WHAT TO DO:
Retype, exactly as written, every line from the one containing "Image 1 of Fauteuil" through the last line of the records below, both included; skip the pictures.

RECORDS PROVIDED:
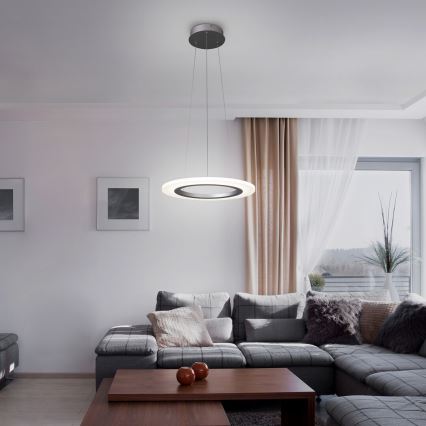 Rabalux 2428 - LED Полилей ADRIENNE LED/20W/230V сребърна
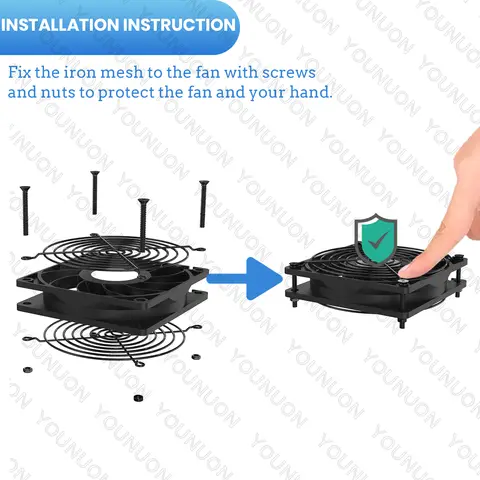 8 best sales 80 मिमी फैन ग्रिल - №4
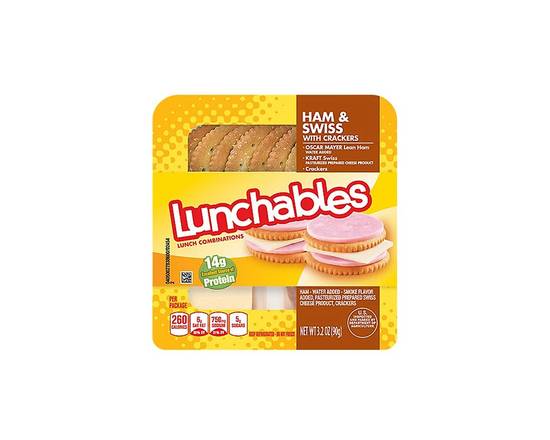 Order Lunchable Ham and Swiss 3.2oz food online from Chevron store, Downey on bringmethat.com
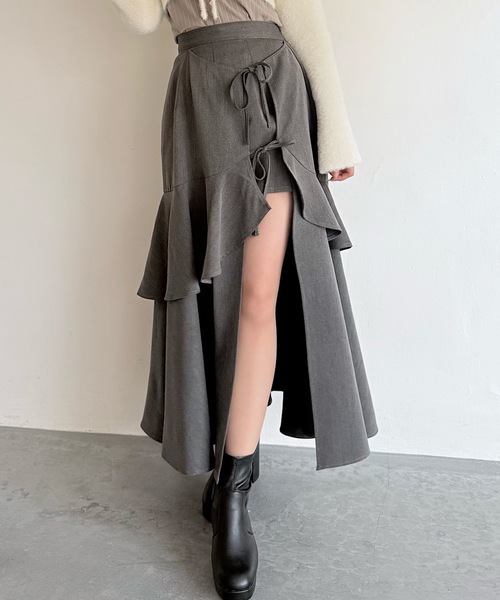 NOMAE（ノーマエ）の「ラフッルスリットスカート（スカート）」 - WEAR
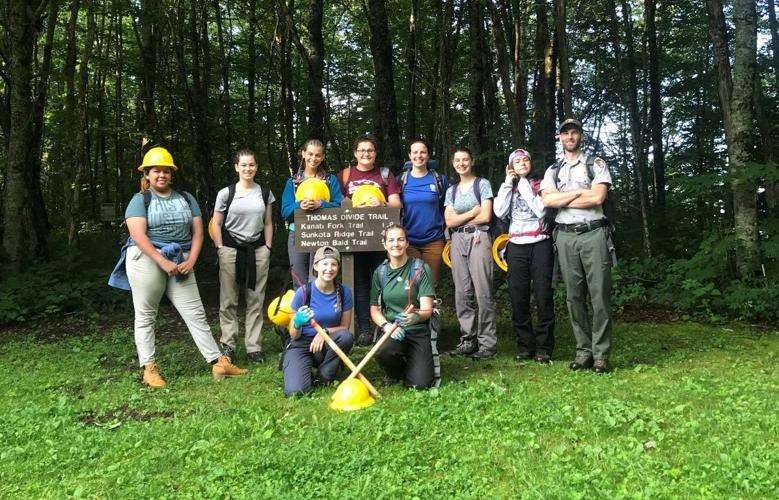 Fiona Ripp Girl Scouts learn conservation, park management skills through trail ...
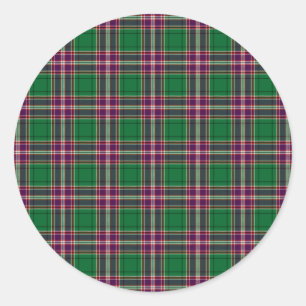 Sticker Rond Tartan de chasse de MacFarlane de clan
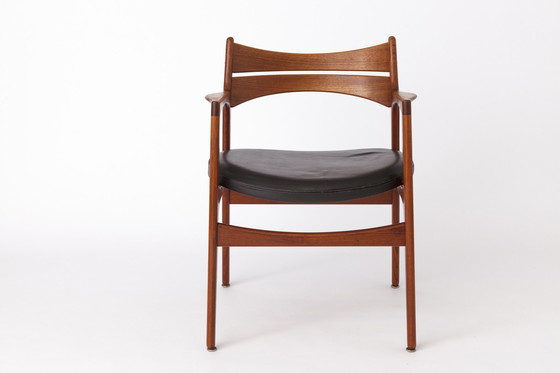 Image 1 of Fauteuil de bureau vintage par Erik Buch pour Christiansen Møbelfabrik, 1960S, Teck, Danois
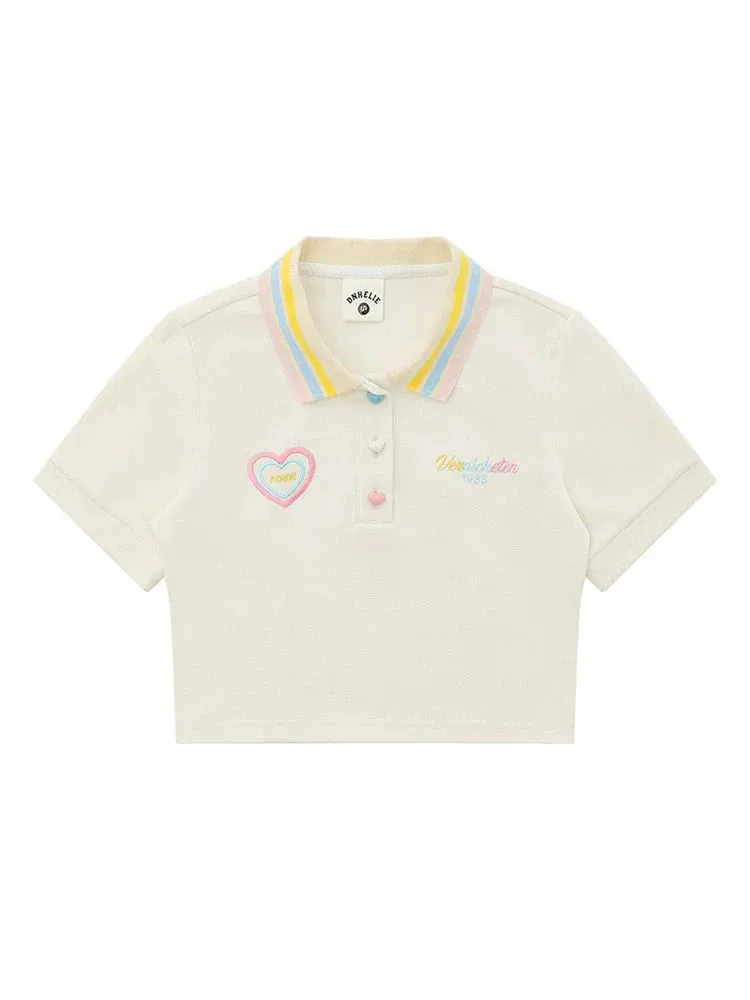 Colorful Tops Pop Polo Short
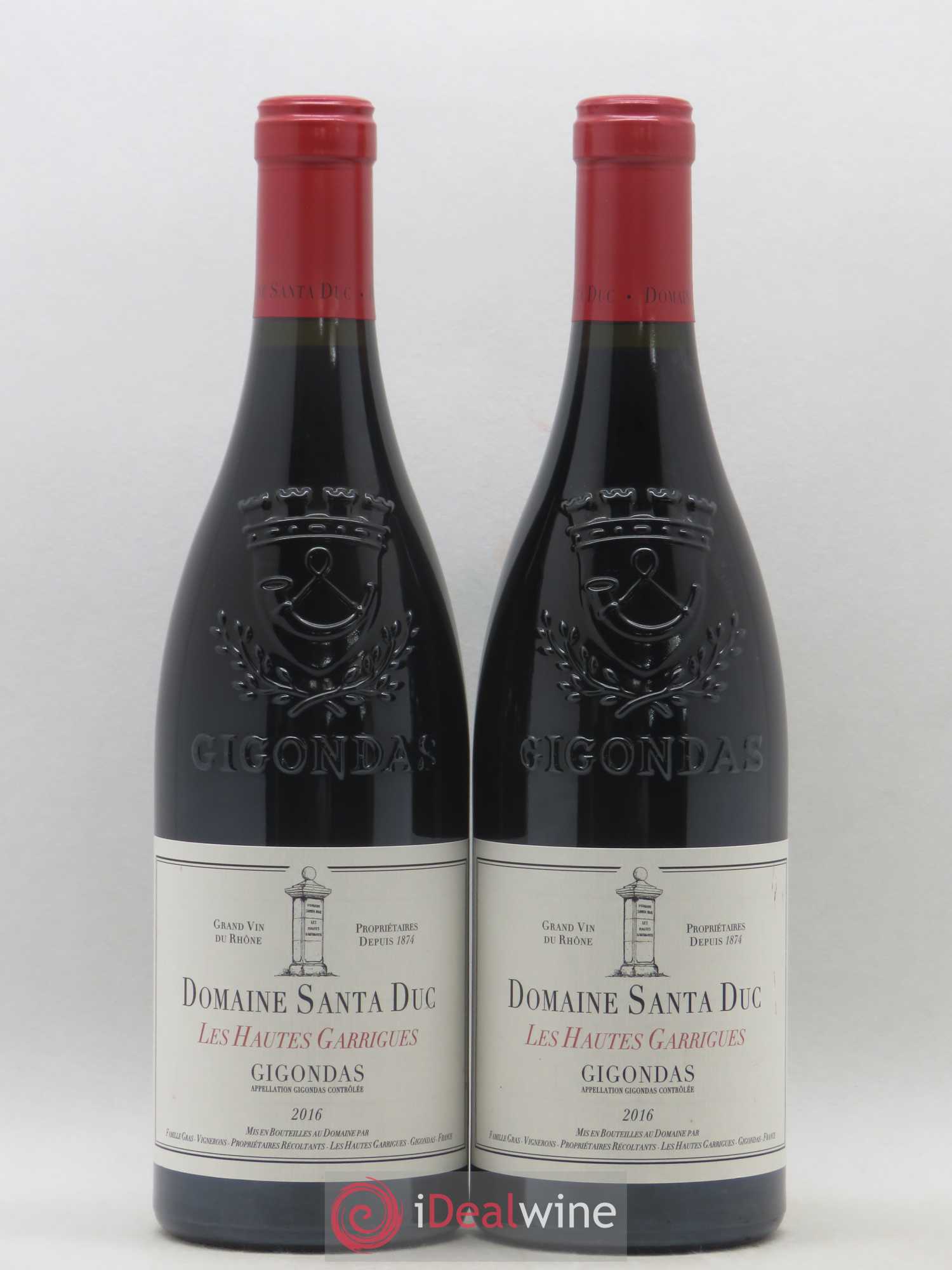 Gigondas Les Hautes Garrigues Domaine Santa Duc 2016 - Posten von 2 Flaschen - 0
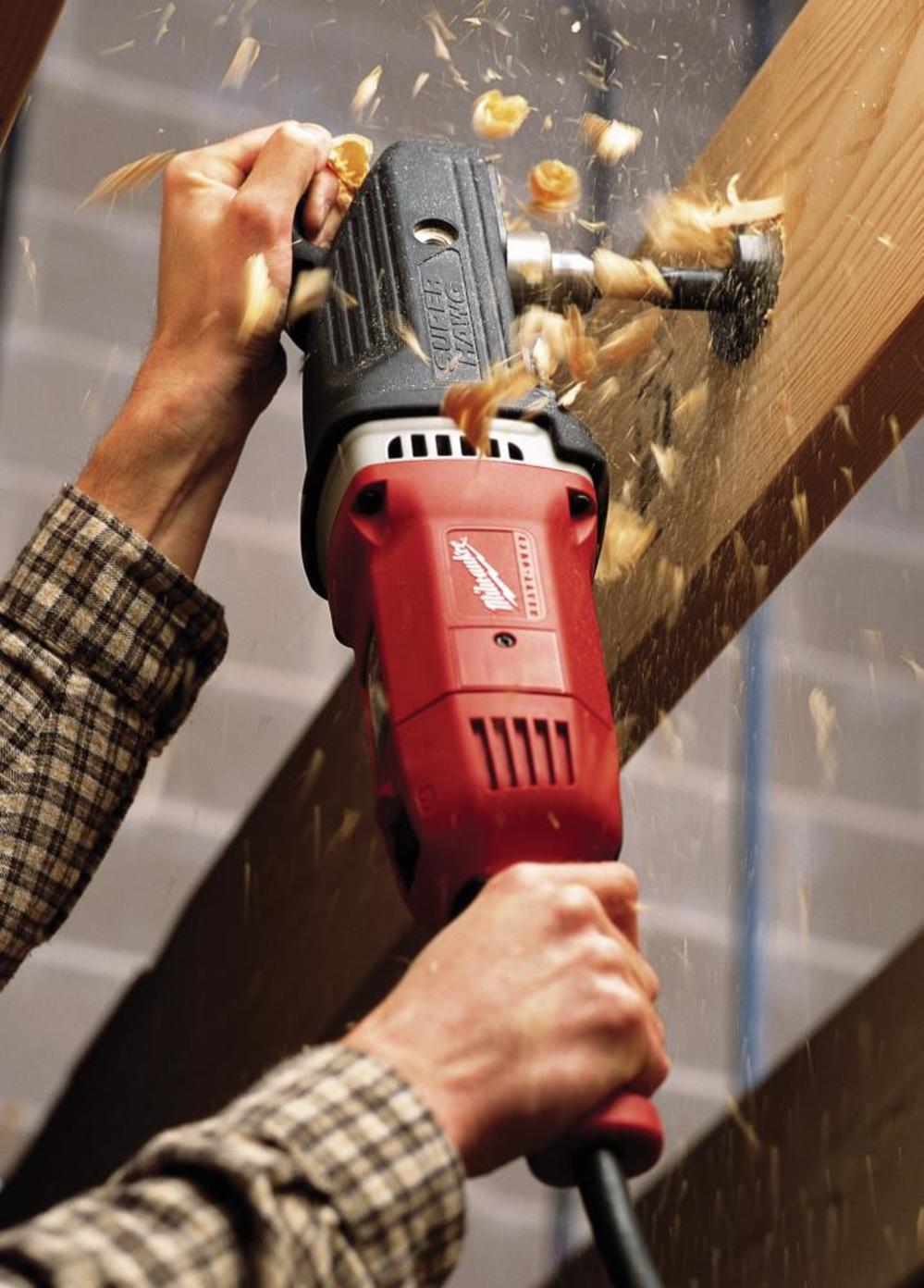 Milwaukee 1/2 in. Super Hawg Drill - Flockneti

SOLVED EXERCISE:
 Image 1 of Fauteuil de bureau vintage par Erik Buch pour Christiansen Møbelfabrik, 1960S, Teck, Danois
 Colorful Tops Pop Polo Short
 Gigondas Les Hautes Garrigues Domaine Santa Duc 2016 - Posten von 2 Flaschen - 0
 Milwaukee 1/2 in. Super Hawg Drill - Flockneti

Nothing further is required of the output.